▸ Information provided
·····
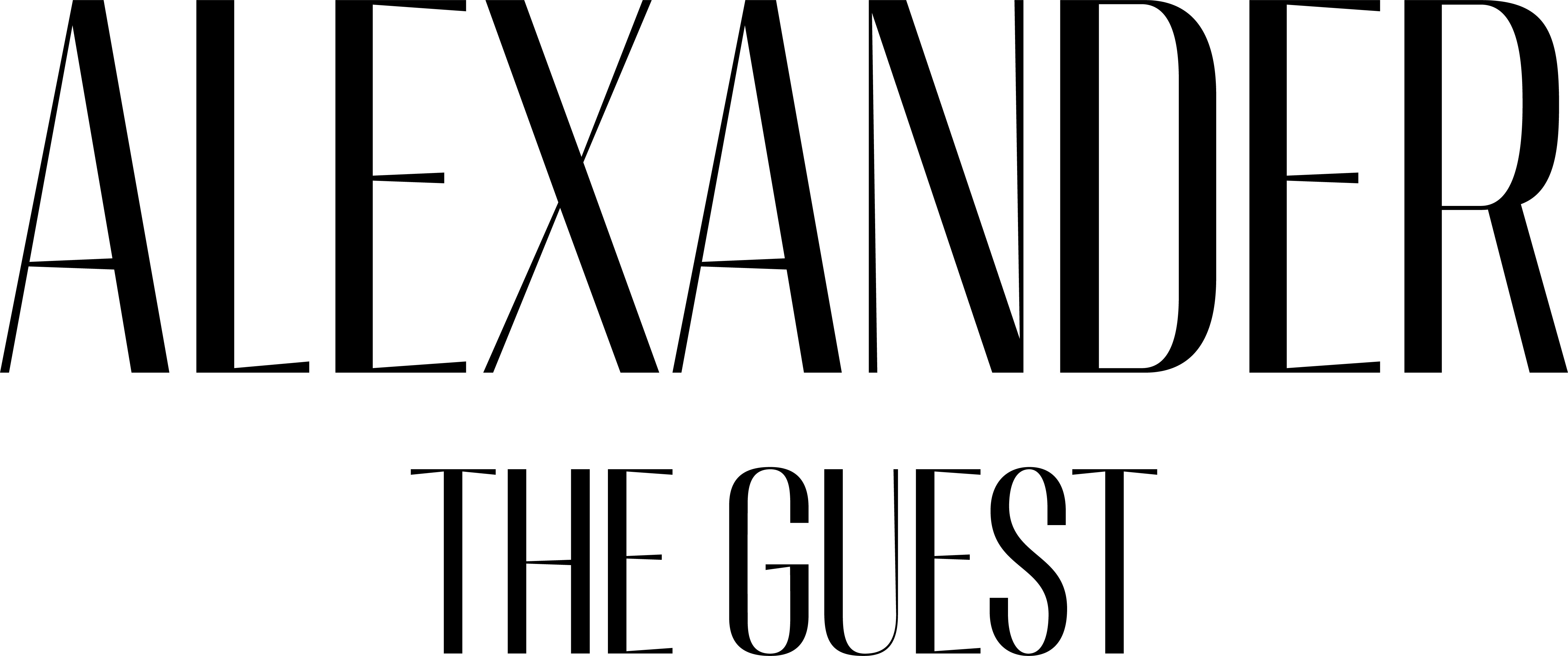 Alexander the Guest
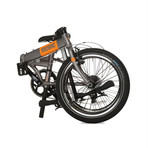 Fusion X9 Performance Portable Folding Bike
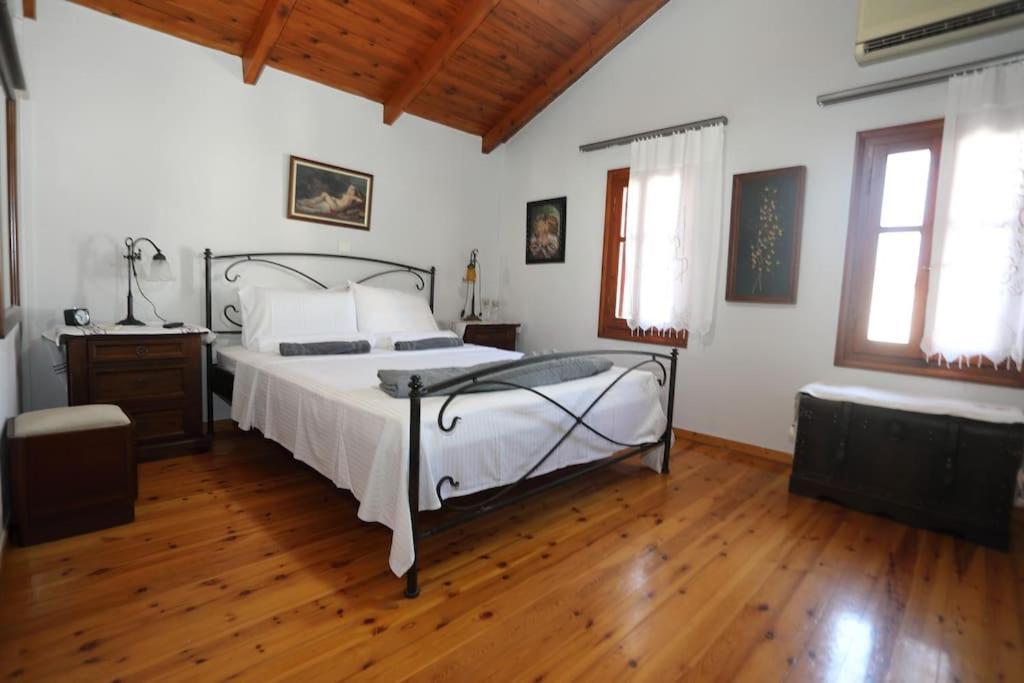 Angelina'S House Vila Rethymno Exterior foto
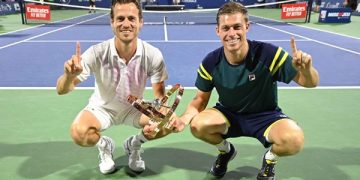 Skupski and Koolhof Win Sixth Doubles Title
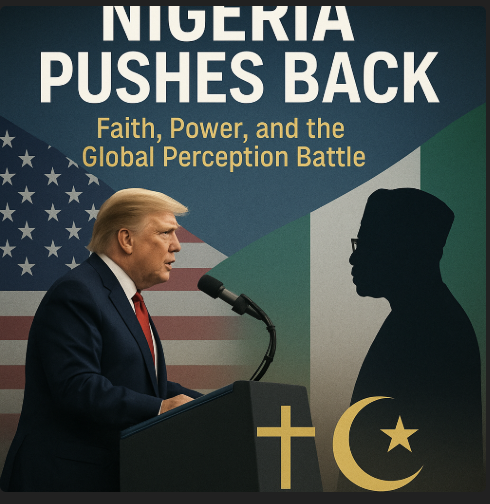 Trump Nigeria Christian genocide claim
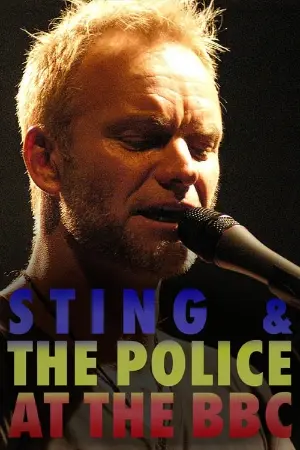 Sting and the Police at the BBC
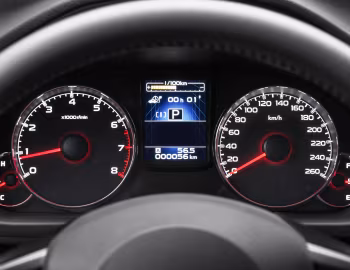 Painel Subaru Legacy (BM) '2012–14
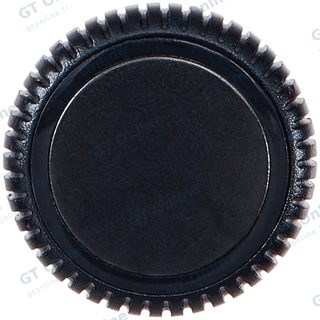 Nappe volume pour Apple Watch Series 7 / 8 / 9 (41MM / 45MM) (version GPS, noir)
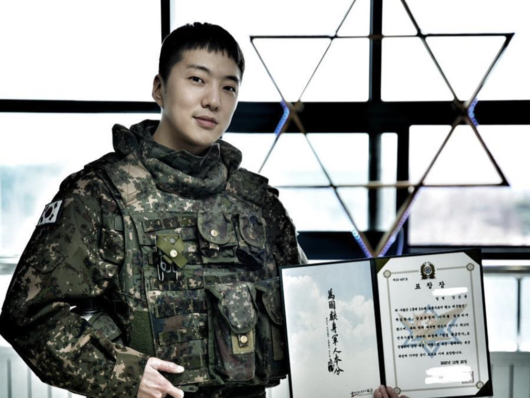Kang Seung Yoon WINNER Resmi Menyelesaikan Wajib Militer Hari Ini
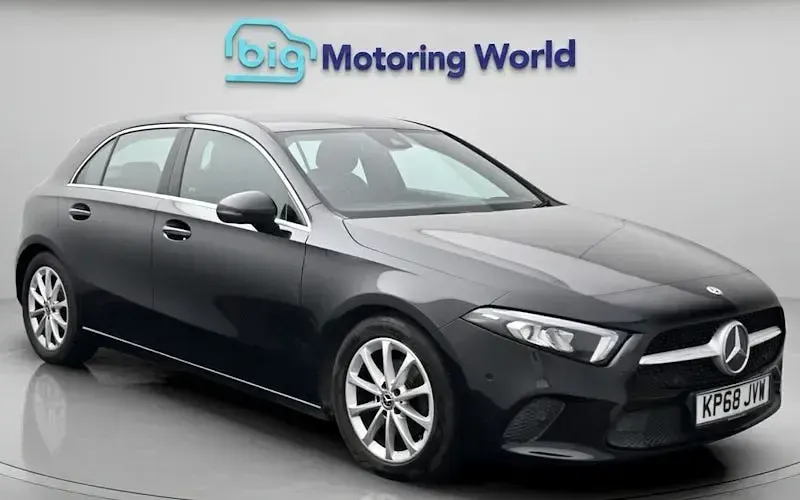 Usado Mercedes A180 Executive 116 HP (85 kW) 2020 Citadino
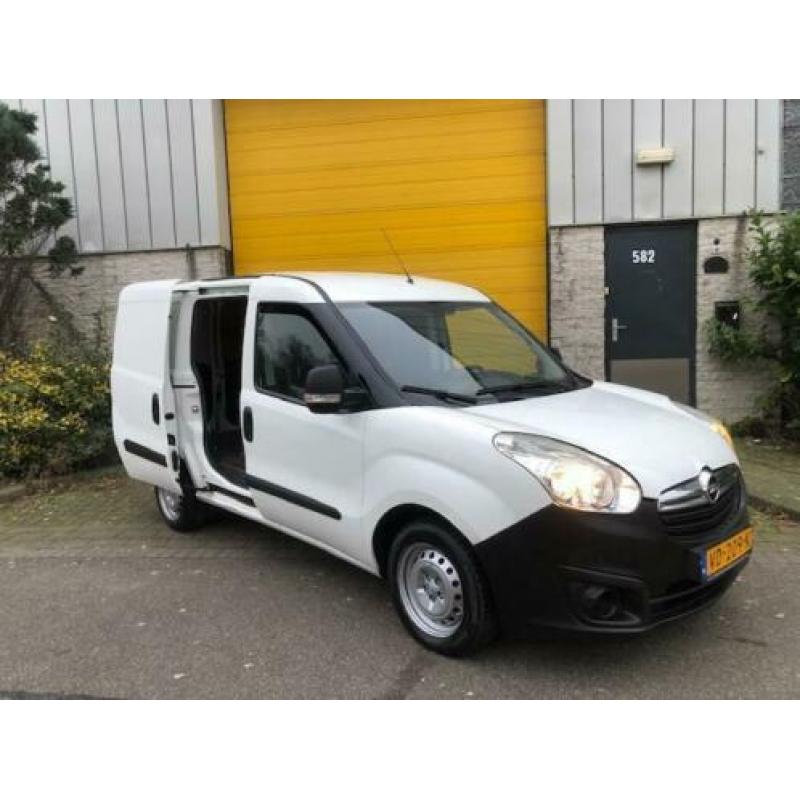 Opel Combo 1.3 CDTi L1H1 ecoFLEX |2 SL.| NWE. APK|Zuinig!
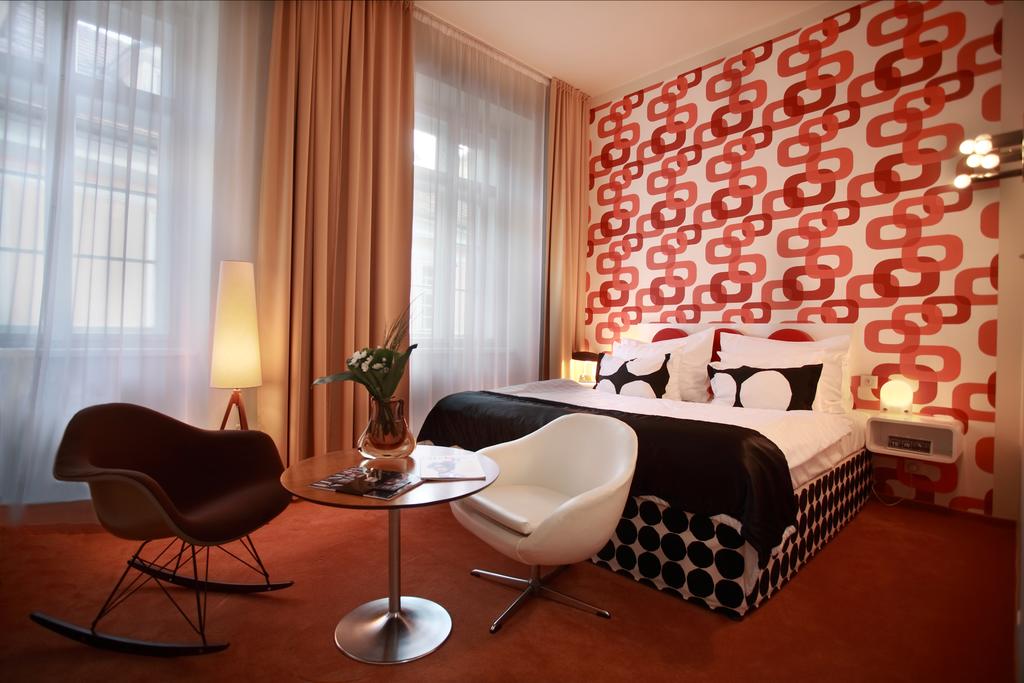 Vintage Design Hotel Sax | Prague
·····
▸ What to work on
If a picture falls within the span, leave it out, and reproduce exactly the lines from the one containing "Painel Subaru Legacy (BM) '2012–14" through the end of the material, and no others.

▸ Expected answer
 Painel Subaru Legacy (BM) '2012–14
 Nappe volume pour Apple Watch Series 7 / 8 / 9 (41MM / 45MM) (version GPS, noir)
Kang Seung Yoon WINNER Resmi Menyelesaikan Wajib Militer Hari Ini
 Usado Mercedes A180 Executive 116 HP (85 kW) 2020 Citadino
 Opel Combo 1.3 CDTi L1H1 ecoFLEX |2 SL.| NWE. APK|Zuinig!
 Vintage Design Hotel Sax | Prague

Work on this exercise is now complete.